A comprehensive pathway for the oxidative degradation of chloroplastic GS, compatible with the data reported here, is proposed in Figure 8. This model summarizes the multi-step contributions of the photosynthetic electron transport to GS cleavage, and integrates a number of existing observations, such as the proposed mechanisms for metal-induced GS rupture in other organisms (Fucci et al., 1983; Kim et al., 1985) and the role played by various effectors in degradation of the chloroplastic enzyme (Stieger and Feller, 1997).
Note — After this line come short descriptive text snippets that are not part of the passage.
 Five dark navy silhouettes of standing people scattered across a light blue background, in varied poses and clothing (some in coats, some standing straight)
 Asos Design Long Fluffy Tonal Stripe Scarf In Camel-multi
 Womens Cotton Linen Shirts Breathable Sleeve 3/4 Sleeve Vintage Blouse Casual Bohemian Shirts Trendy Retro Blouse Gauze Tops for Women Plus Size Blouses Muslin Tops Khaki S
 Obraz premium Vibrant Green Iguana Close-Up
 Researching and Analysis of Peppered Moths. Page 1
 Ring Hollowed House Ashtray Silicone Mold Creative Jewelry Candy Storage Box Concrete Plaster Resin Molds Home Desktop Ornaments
According to this scheme, PSI is expected to donate electrons to different acceptors providing O₂, which is both a precursor of H₂O₂ and a reagent for iron release from proteins, and reducing equivalents (NADPH, GSH, ascorbate) that keep transition metals in a reduced state. The combination of H₂O₂ and Fe²⁺ at the GS metal binding site leads to ·OH radical generation in situ, contributing directly to the specific GS fragmentation. Ascorbate is included in the scheme as an electron donor for Fe³⁺ reduction based on its high concentration in illuminated chloroplasts (Asada et al., 1998), although this metabolite is expected to be readily oxidized by the photogenerated O₂ and ·OH in the presence of MV under the conditions shown in Figure 1.
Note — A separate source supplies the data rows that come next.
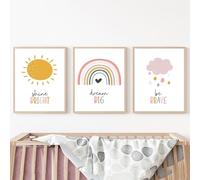 LUHDFYS Nursery Wall Art Print Dream Big Be Brave Shine Bright Inspirational Poster Painting Sun Rainbow Cloud Picture Canvas Artwork for Boys Girls Room Kids Bedroom Decor Unframed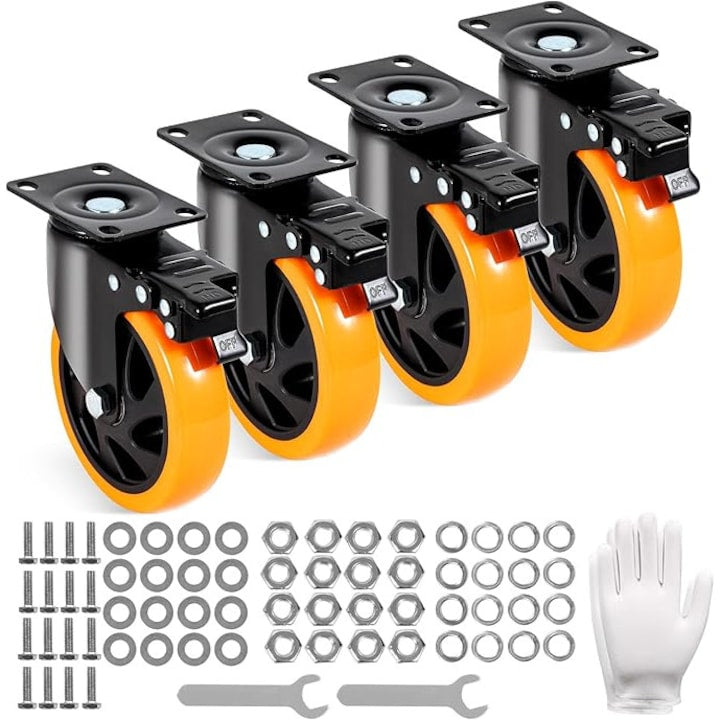 Set 4 Roti Pivotante Piduules  Capacitate Maxima 318 kg/Roata  Cauciuc Plin  6 Inch  Portocaliu/Negru
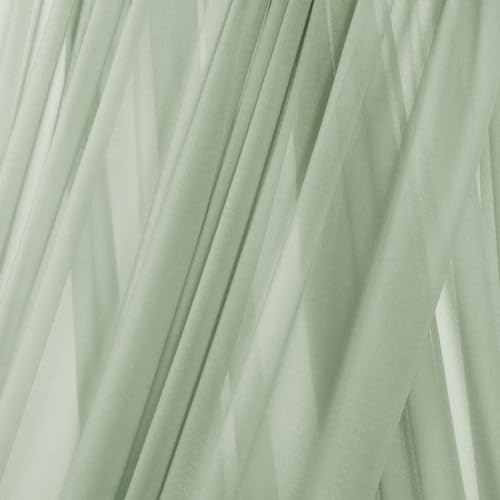 Image of MLMC Sage Green Wedding Arch Draping Fabric 2 Panels 29 inch x 20 FT Extra Long Gauze Drapes Sheer Backdrop Curtains 6.6 Yards Outdoor Drapery Panels for Wedding Ceremony Party Ceiling Decoration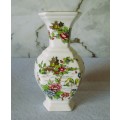 Lovely Vintage Crown Staffordshire Vase-Hexagonal Pagoda Pattern-Circa 1970s, 1980s. 150mm high.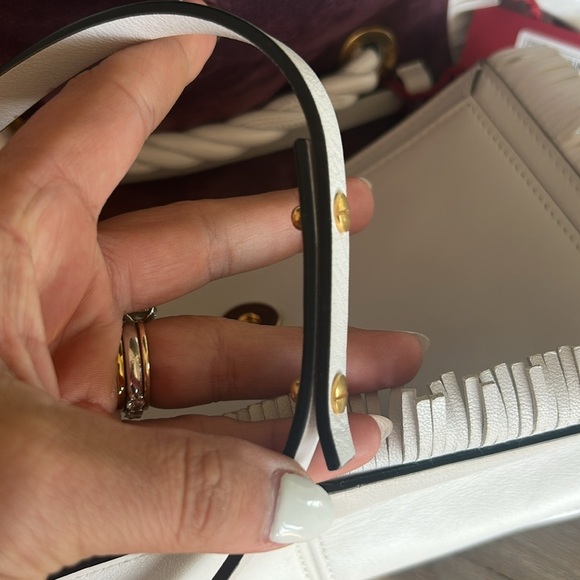 VALENTINO GARAVANI The Rope White Fringe Leather Shoulder Bag - Picture 10 of 10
Many environmental factors such as drought and high light lead to an excess of absorbed photons that can overcome the photosynthetic capacity of the plant cell. Although a substantial part of the excess excitation in the PSII antenna can be dissipated by non-radiative decay processes in the antennae pigment matrices (Brestic et al., 1995), the failure of the Calvin cycle to use the NADPH generated may still cause overreduction of the electron transport chain components and increase the risks of photoinhibition (Asada et al., 1998). Under these conditions, two alternative electron sinks to CO₂ assimilation have been suggested: the photorespiratory pathway, which can supply CO₂ for the Calvin cycle and recycle NADP⁺ for the photosynthetic electron transport chain, and the water-water cycle, which uses O₂ as an electron acceptor to generate O₂ and involves the activity of SOD and ascorbate peroxidase for its detoxification (Osmond et al., 1997; Asada et al., 1998). The relative protection contributed by each of these pathways within the metabolic context of the stressed cell has been a matter of controversy. Different lines of evidence suggest that either photorespiration (Wu et al., 1991; Heber et al., 1996) or the water-water cycle (Biehler and Fock, 1996) is the predominant electron sink in the stressed plant.
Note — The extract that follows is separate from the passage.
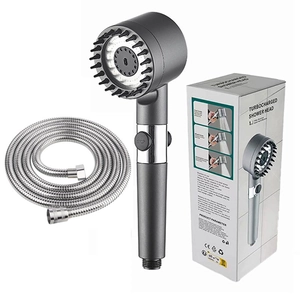 Pressurized shower head set with turbo fan, stop button, hose and retail packaging box
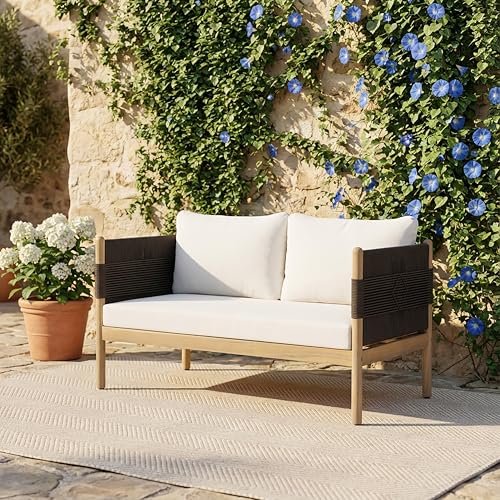 Outdoor Acacia Wood Loveseat with Handwoven Diamond Rope Weave and Cushions, Light Teak Finish Patio Sofa with Black Rope Panels and Cream Fabric for Garden, Balcony, Terrace and Outdoor Lounge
Taking into account that GS catalyzes the rate-limiting step in photorespiration (Kozaki and Takeba, 1996), and given the extreme sensitivity to oxidants displayed by this enzyme, we postulate that the alternative electron sink employed by the plant under conditions of NADP⁺ shortage will be determined by the extent of the concomitant oxidative challenge. Under mild conditions that allow the survival of substantial amounts of GS, photorespiration will supply the NADP⁺ needed for the last step of the photosynthetic electron transport, assuming that the oxygenase activity of Rubisco is high enough to produce the substrates needed for photorespiration. However, when ROS levels increase beyond a certain threshold, GS decline would become rate-limiting, preventing further NADP⁺ recycling and leading to the use of oxygen as the ultimate electron acceptor at PSI. The water-water cycle would then take over to dissipate the excess electrons. Research is currently in progress to evaluate this hypothesis.